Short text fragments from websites
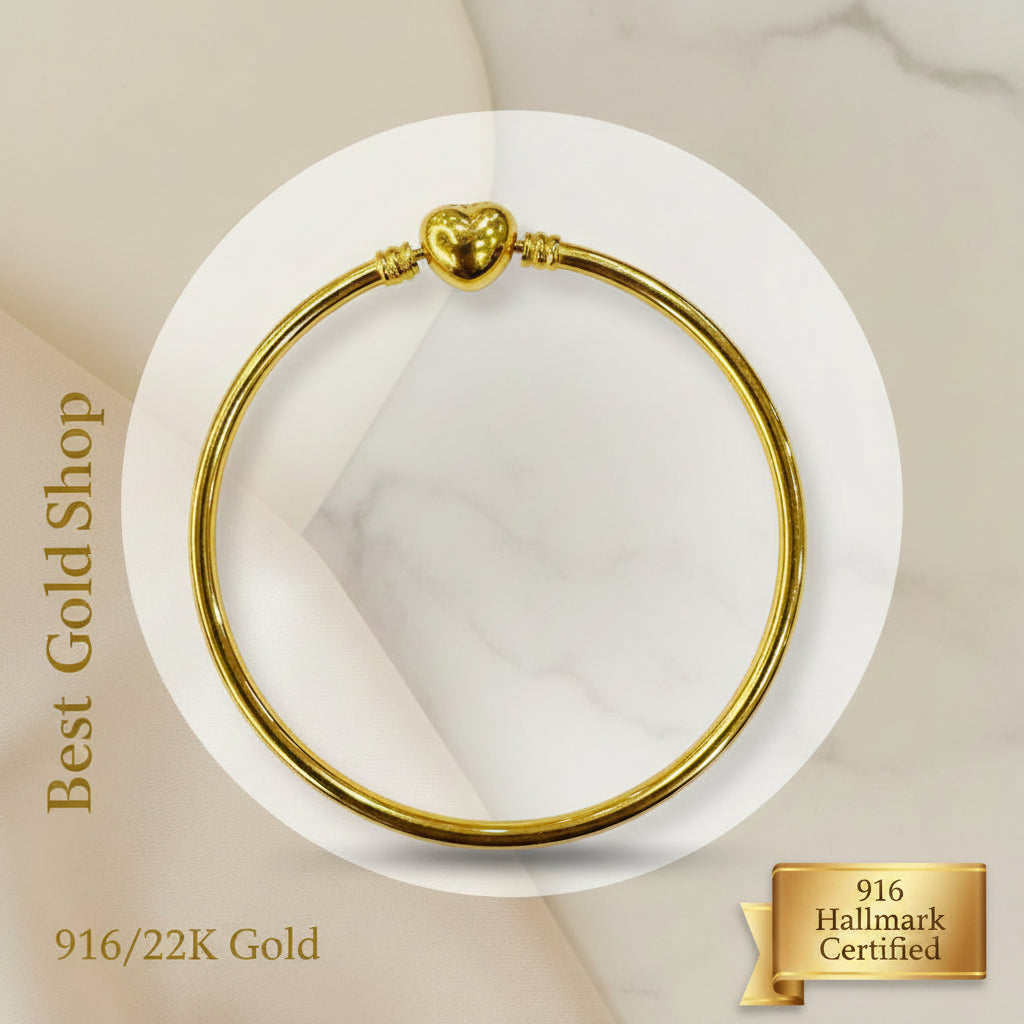 22K / 916 Gold Heart Shiny Charm Bangle by Best Gold ShopBraceletsBest Gold Shop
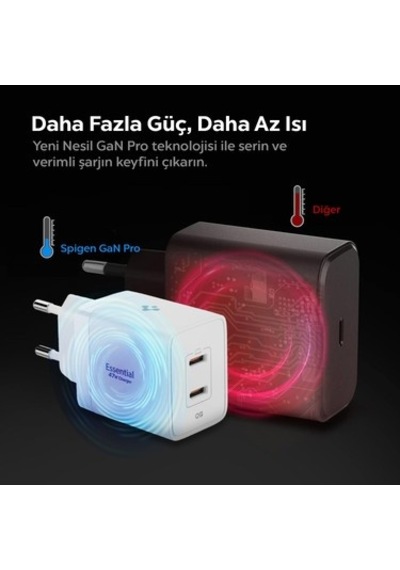 47w Usb-c 2 Portlu Mini Hızlı Şarj Aleti İle Isı Düşürücü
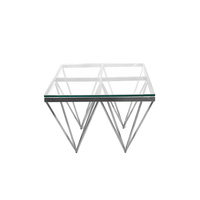 Pinnacle Silver Side Table - Black Glass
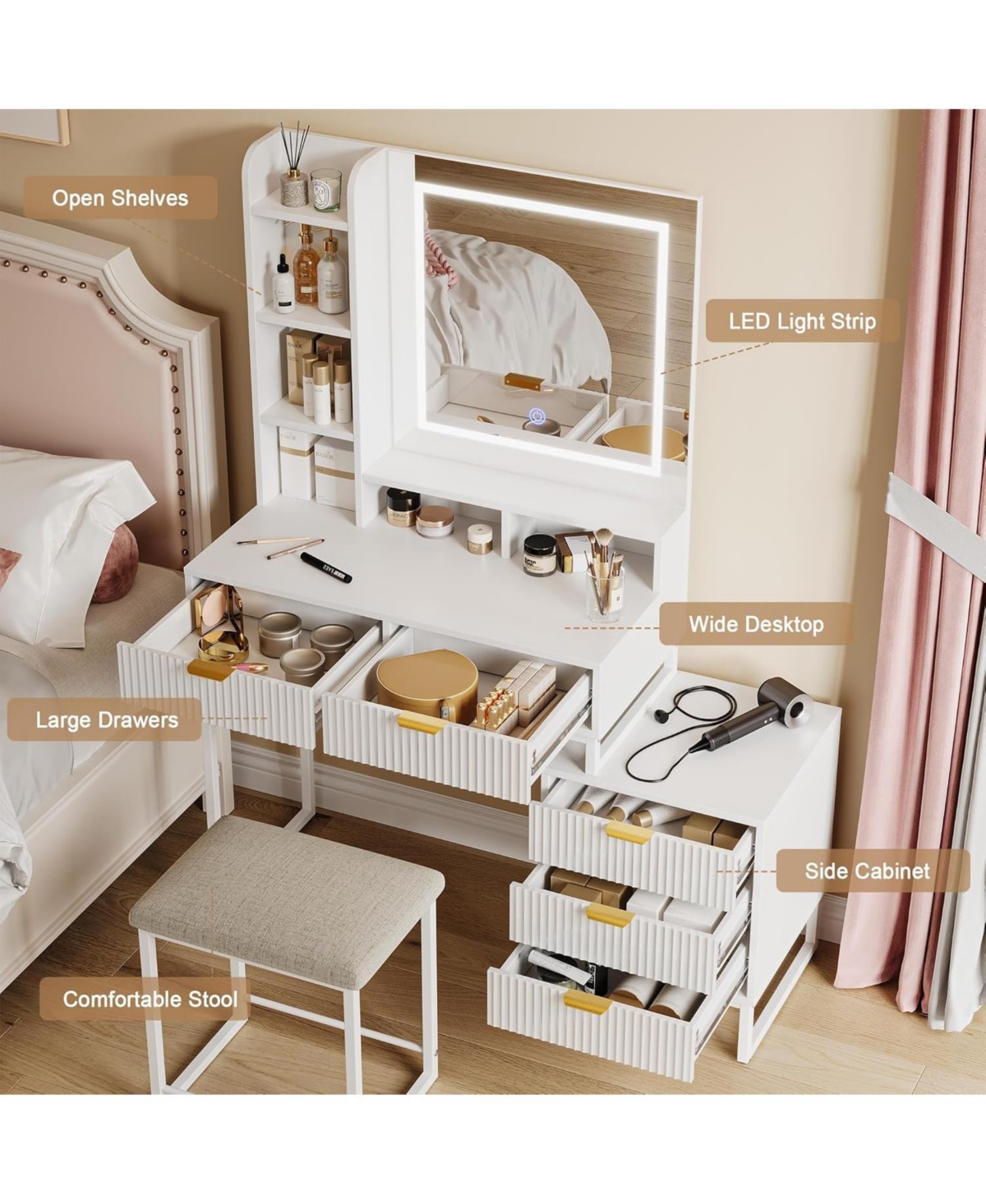 gaomon Vanity Makeup Desk with Led Mirror, 3 Light Modes, 5 Drawers and Removable Cabinet, Modern Dressing Table Set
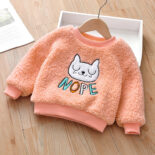Girls long sleeved top with fleece thickened winter new baby embroidery warm sweatshirt children's pullover - Image 4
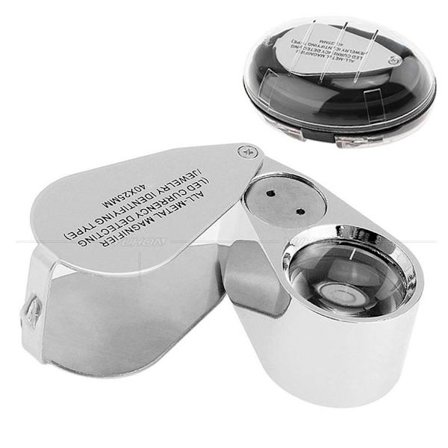 40x Lupe Lup med LED og UV-lys til smykker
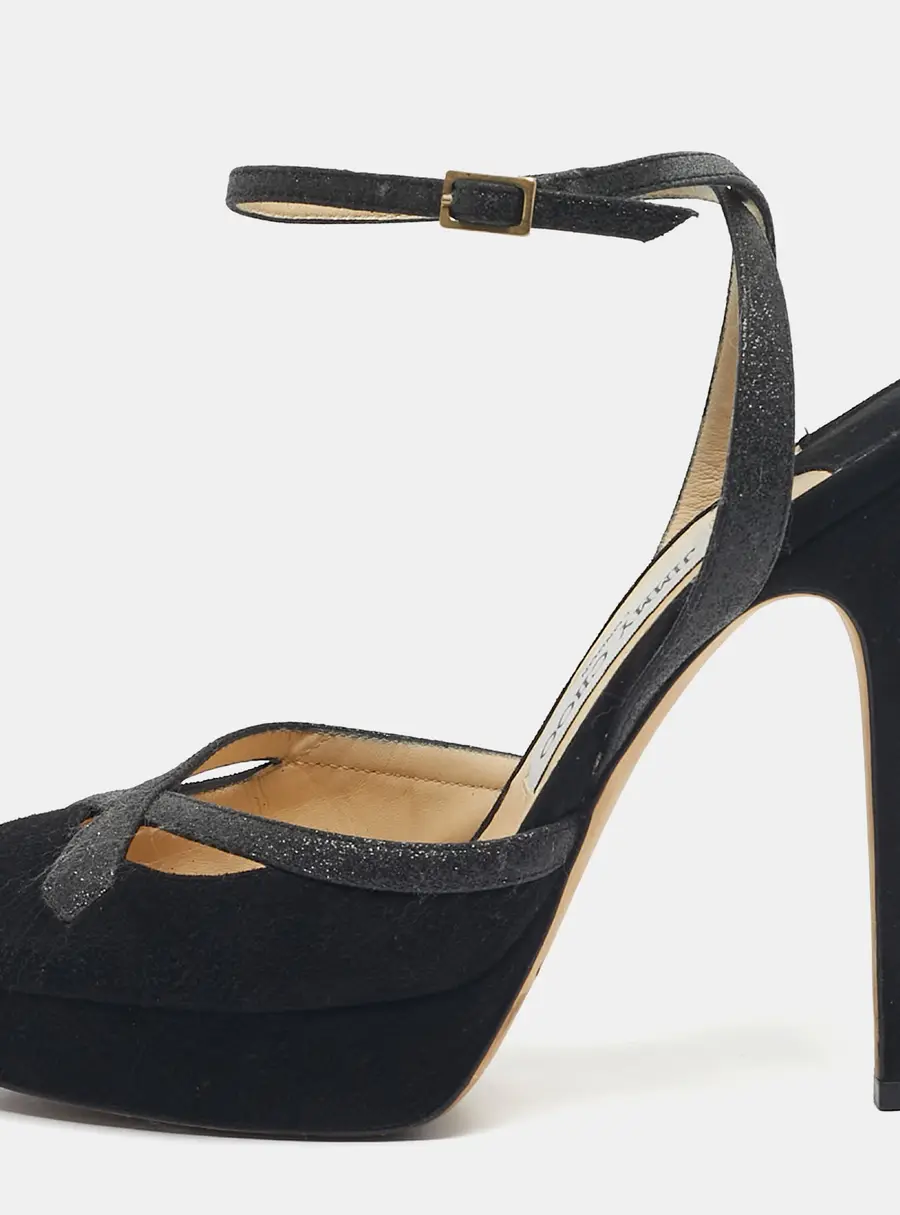Jimmy Choo Black Glitter and Suede Platform Ankle Wrap Pumps Size 37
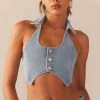 Peppermayo Exclusive Backstage Pass Denim Vest Top - Subdued Blue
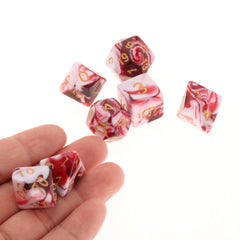 7Pcs Polyhedral Dice Double-Colors Polyhedral Game Dice for RPG Dungeons and Dragons DND RPG MTG D20 D12 D10 D8 D6 D4 Table Game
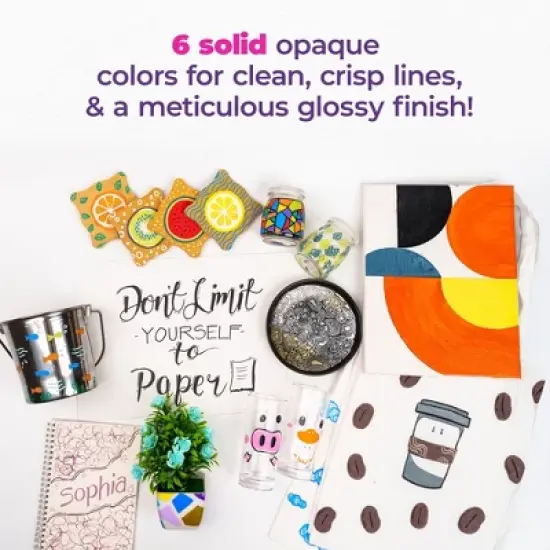 PINTAR Premium Acrylic Paint Pens - 1mm Fine Tip Pens For Rock Painting, Ceramic, Wood, Craft Supplies, DIY Project (6 Black) image {6}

> [Aim of the exercise]: Verbatim, write out the line containing "47w Usb-c 2" and all later lines through the end of the records, leaving every picture out.

> [Result]:
 47w Usb-c 2 Portlu Mini Hızlı Şarj Aleti İle Isı Düşürücü
 Pinnacle Silver Side Table - Black Glass
 gaomon Vanity Makeup Desk with Led Mirror, 3 Light Modes, 5 Drawers and Removable Cabinet, Modern Dressing Table Set
Girls long sleeved top with fleece thickened winter new baby embroidery warm sweatshirt children's pullover - Image 4
 40x Lupe Lup med LED og UV-lys til smykker
Jimmy Choo Black Glitter and Suede Platform Ankle Wrap Pumps Size 37
 Peppermayo Exclusive Backstage Pass Denim Vest Top - Subdued Blue
 7Pcs Polyhedral Dice Double-Colors Polyhedral Game Dice for RPG Dungeons and Dragons DND RPG MTG D20 D12 D10 D8 D6 D4 Table Game
 PINTAR Premium Acrylic Paint Pens - 1mm Fine Tip Pens For Rock Painting, Ceramic, Wood, Craft Supplies, DIY Project (6 Black) image {6}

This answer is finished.